Apache Sqoop is a tool in Hadoop ecosystem which is designed to transfer data between HDFS (Hadoop storage) and relational database servers like mysql, Oracle RDB, SQLite, Teradata, Netezza, Postgres and so on.
Apache Sqoop imports data from relational databases to HDFS, and also exports data from HDFS to relational databases. It efficiently transfers bulk data between Hadoop and external datastores such as enterprise data warehouses, relational databases, etc.
This is how Sqoop got its name – “SQL to Hadoop & Hadoop to SQL”.
Additionally, Sqoop is used to import data from external datastores into Hadoop ecosystem’s tools like Hive & HBase.
What Shasta has Done
We are transferring bulk data between Hadoop and other relational databases. We use Sqoop to import data from relational databases such as MySQL, Oracle to Hadoop HDFS, and export from the Hadoop file system to relational databases. It provides for easy interaction between the relational database server and Hadoop’s HDFS. All records are stored as text data in text files or as binary data in Avro and Sequence files while exporting the data from HDFS to RDBMS. The files given as input to Sqoop contain records, which are called as rows in the table. Those are read and parsed into a set of records and delimited with user-specified delimiter.
Key Features of Sqoop
- Full Load: Apache Sqoop can load the whole table by a single command. One can also load all the tables from a database using a single command.
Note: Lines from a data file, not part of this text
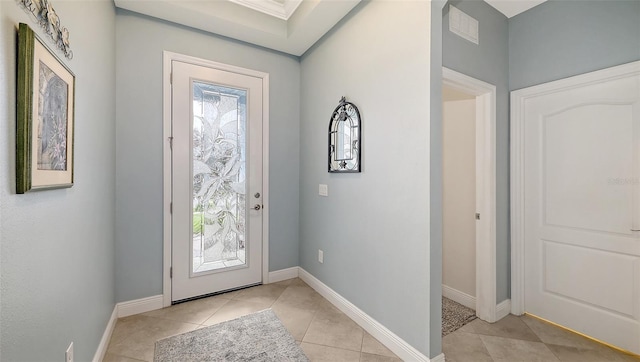 foyer with light tile patterned floors and baseboards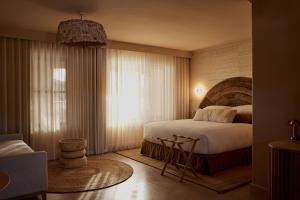 A bed or beds in a room at Swell Hotel Byron Bay - Adults Only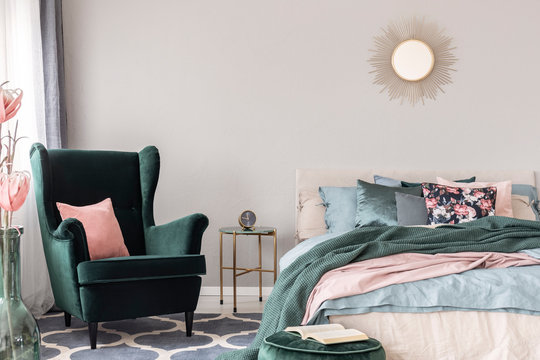 Emerald Green Armchair With Pastel Pink Pillow Next To Stylish Nightstand Table With Clock In Fashionable Bedroom Interior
- Incremental Load: Apache Sqoop also provides the facility of incremental load where one can load parts of table whenever it is updated.
- Parallel import/export: Sqoop uses YARN framework to import and export the data, which provides fault tolerance on top of parallelism.
- Import results of SQL query: You can also import the result returned from an SQL query in HDFS.
- Compression: You can compress your data by using deflate(gzip) algorithm with –compress argument, or by specifying –compression-codec argument. You can also load compressed table in Apache Hive.
- Connectors for all major RDBMS Databases: Apache Sqoop provides connectors for multiple RDBMS databases, covering almost the entire circumference.
- Kerberos Security Integration: Kerberos is a computer network authentication protocol which works on the basis of ‘tickets’ to allow nodes communicating over a non-secure network to prove their identity to one another in a secure manner. Sqoop supports Kerberos authentication.
- Load data directly into HIVE/HBase: You can load data directly into Apache Hive for analysis and also dump your data in HBase, which is a NoSQL database.
- Support for Accumulo: You can also instruct Sqoop to import the table in Accumulo rather than a directory in HDFS.